Also I have a ca. ’58 Frigidaire on the back porch for the same reason – it’s too “late ’50s” looking, and wouldn’t go. Although my 5 year old Kenmore fridge is a POS and the door is about to fall off. Again! I’ve never seen that happen, esp on a young fridge.
So, I might be using the Frigidaire as a stand-in, because I can’t afford a Big Chill!
I say mix and match.
If that frig is white under the brown paint, so much the better. In reality, nobody ever has kitchens that are all one year and style of cabinets and appliances(well unless they’ve recently spent BIG bucks remodeling). Things wear out and you replace them with something else. That’s life.
Are you looking for a real kitchen or a magazine picture? Too much matchy-matchy is boring.
I agree completely with Melanie. I love your cabinets and I love your fridge. If you can get the brown paint off, I think you will be much happier with it. Not everything has to match. In reality, only model kitchens in magazines are completely in sync. What is it that Pam is always teaching us??? Love the house you’re in and the stuff that’s in it! You have a lot to be in love with, that’s for sure!
I’m wondering where the refrigerator will actually be in the kitchen as it looks like in the picture, it’s just placed there for now? I think that if the brown fridge goes back to it’s original white, it could look awesome in there. Like BungalowBill said, homes go through progressions through the decades so lots of kitchens will have items from different eras. Lots of times, cabinets and fixtures will stay for many decades where appliances will be replaced more often.
I really think that you can make it work if you truly love that fridge. In our kitchen right now, we have a white vintage stove next to a modern stainless refrigerator and dishwasher and for some reason, it works just fine. I say that you should use the brown (stripped white since it sounds like you’ve started the process) and if you happen upon something later on that matches the era that you’re going for perfectly, be ready to move on it if you’re not happy. Both the cabinets and the fridge are SO cool! Good luck!

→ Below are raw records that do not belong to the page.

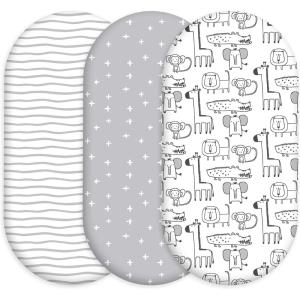 image:imageNap Mat Sheet 47x24 3 Pack Pink Floral Baby Crib Sheets Fitted Elastic Corners Preschool Day Care Rest Mat Cover Soft Breathable  Compatible with Regalo My Cot Joovy Travel CotGrey Animals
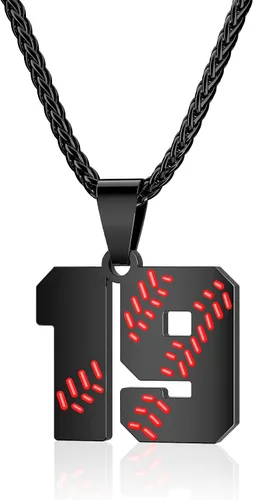 Miniatura 43 de Collar con número de béisbol para niños 00-99, collar con número de camiseta de béisbol de acero inoxidable, colgante personalizado, regalo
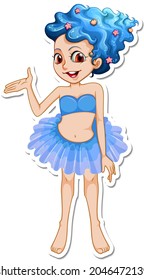 Cute fairy cartoon character sticker illustration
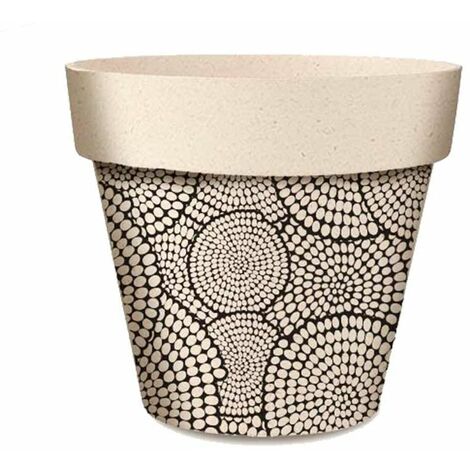 Cache pot cercles à pois en bambou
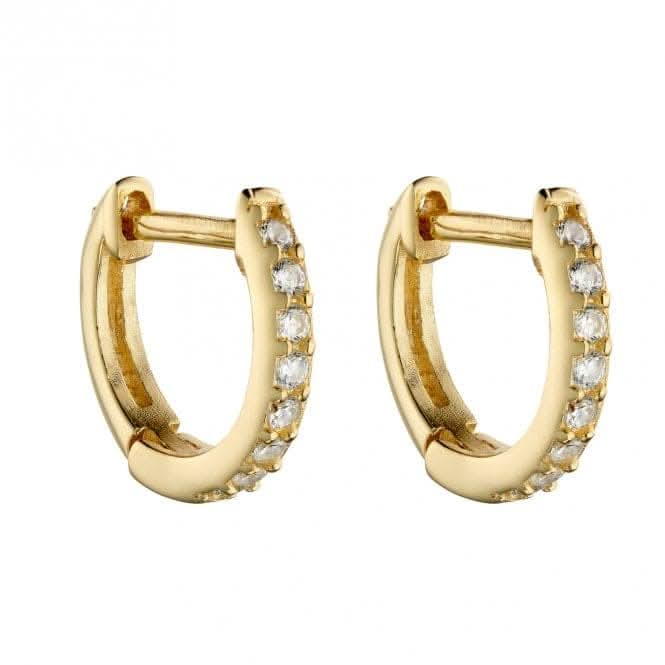 Yellow Gold Plated Hoop Earrings with Zirconia E6049C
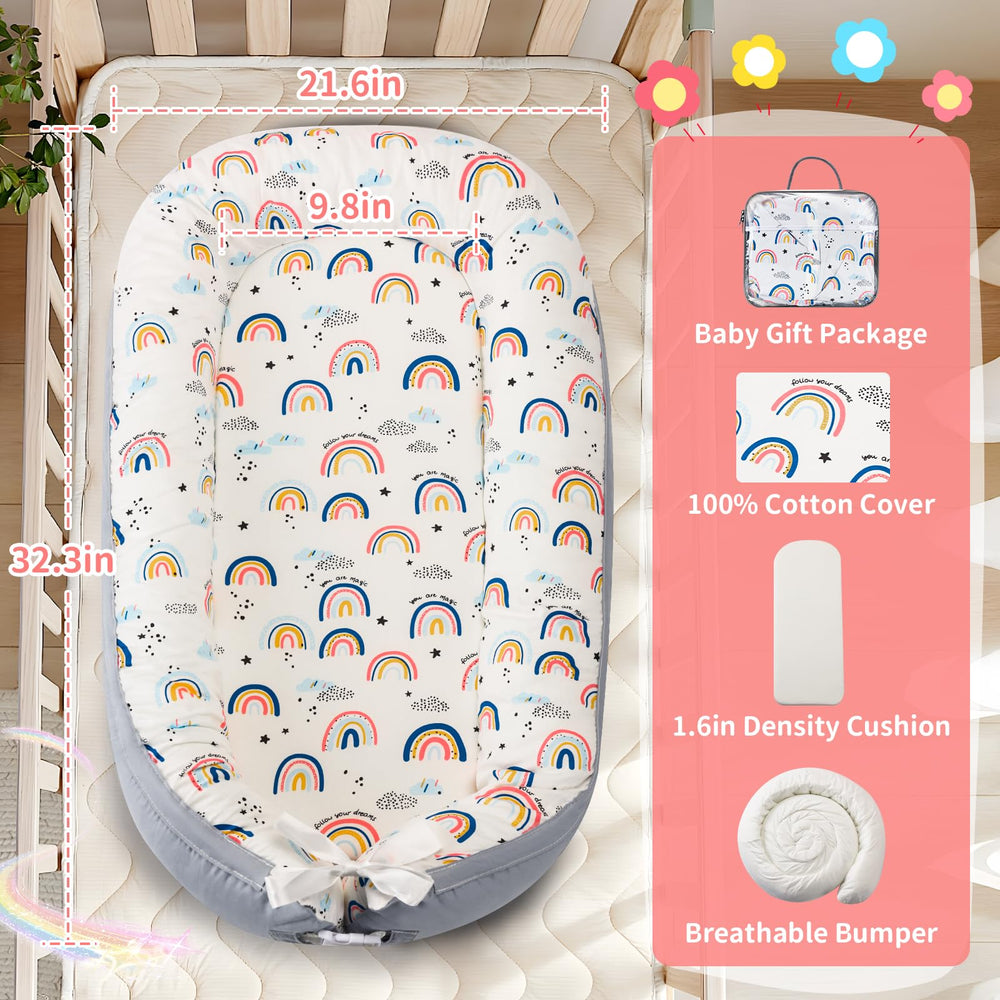 Aufona baby lounger lightweight-portable design with side handles for easy transport.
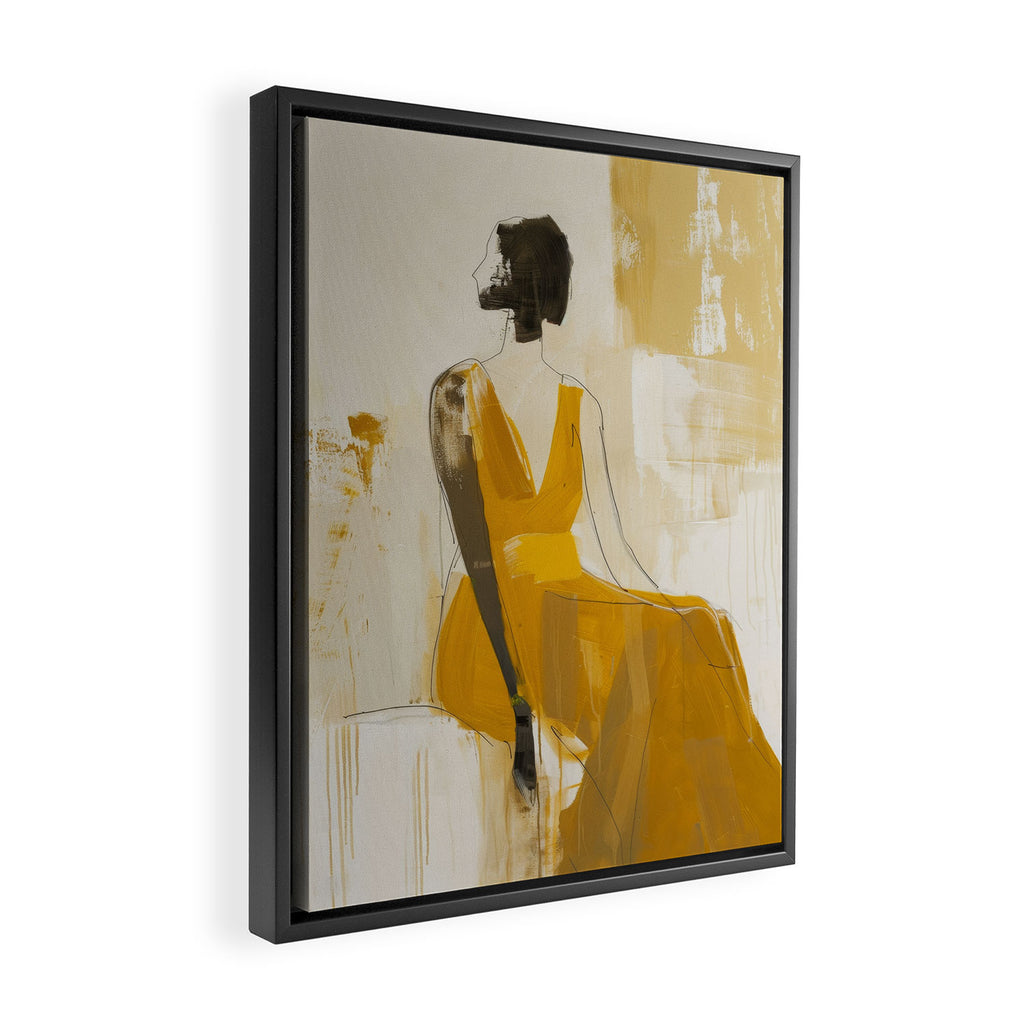 Modern Abstract Woman in Yellow Dress Framed Canvas Print Gallery Image 2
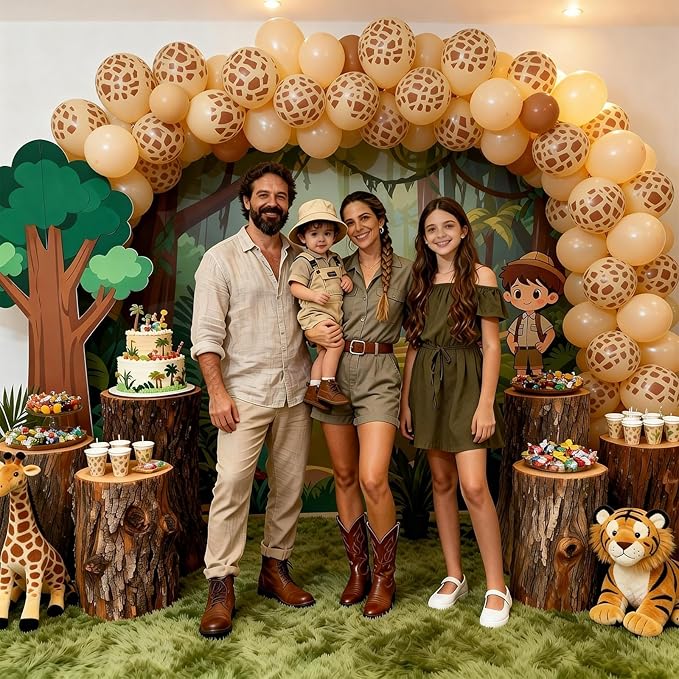 Giraffe Print Balloons Set, 12 Inch Safari Animal Deer Print Latex Balloons for Kids Two Wild One Birthday Decorations Baby Shower Forest Woodland Zoo Jungle Wildlife Theme Safari Party Decorations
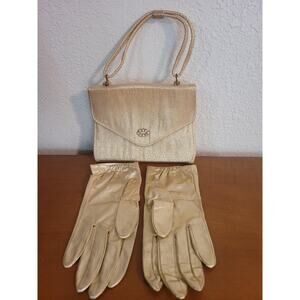 1950s Gold Evening Bag and Glove Set | Shimmery Nylon, Rhinestone Clasp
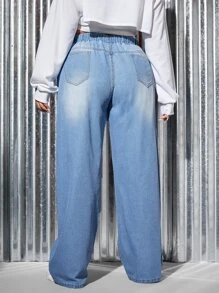 SHEIN Tall CURVE Plus Size Women Blue Loose Denim Wide-Leg Pants - Blue - View 2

My general rule is that different dates mix nicely…so long as you keep a cut-off date. The folks with those original cabinets might well have replaced the fridge in 1960…but by 1985…the cabinets would have been in the scrapheap. You have to create some sense of time…or else it might look like a collection of cast-offs
I say aim the room to 1964…and you will end up with a cohesive look.
(a new GE Monogram bottom freezer is curved and has a pseudo-retro look…)
Nicely said. That’s what I meant – you have to have a cutoff date or it will look like Sanford and Son.
By the look of your windows behind the cabinet, you appear to live in something “cratsman-ish.” While getting the paint back to the original white would be best (possibly undoing an “updating” done around 1972?); do you have a large pantry that could take the fridge?
My grandmother had a typical 1920 foursquare, and had to keep her fridge in the pantry simply because of floorplan issues. Putting your brown fridge in the pantry would give the visual separation you need.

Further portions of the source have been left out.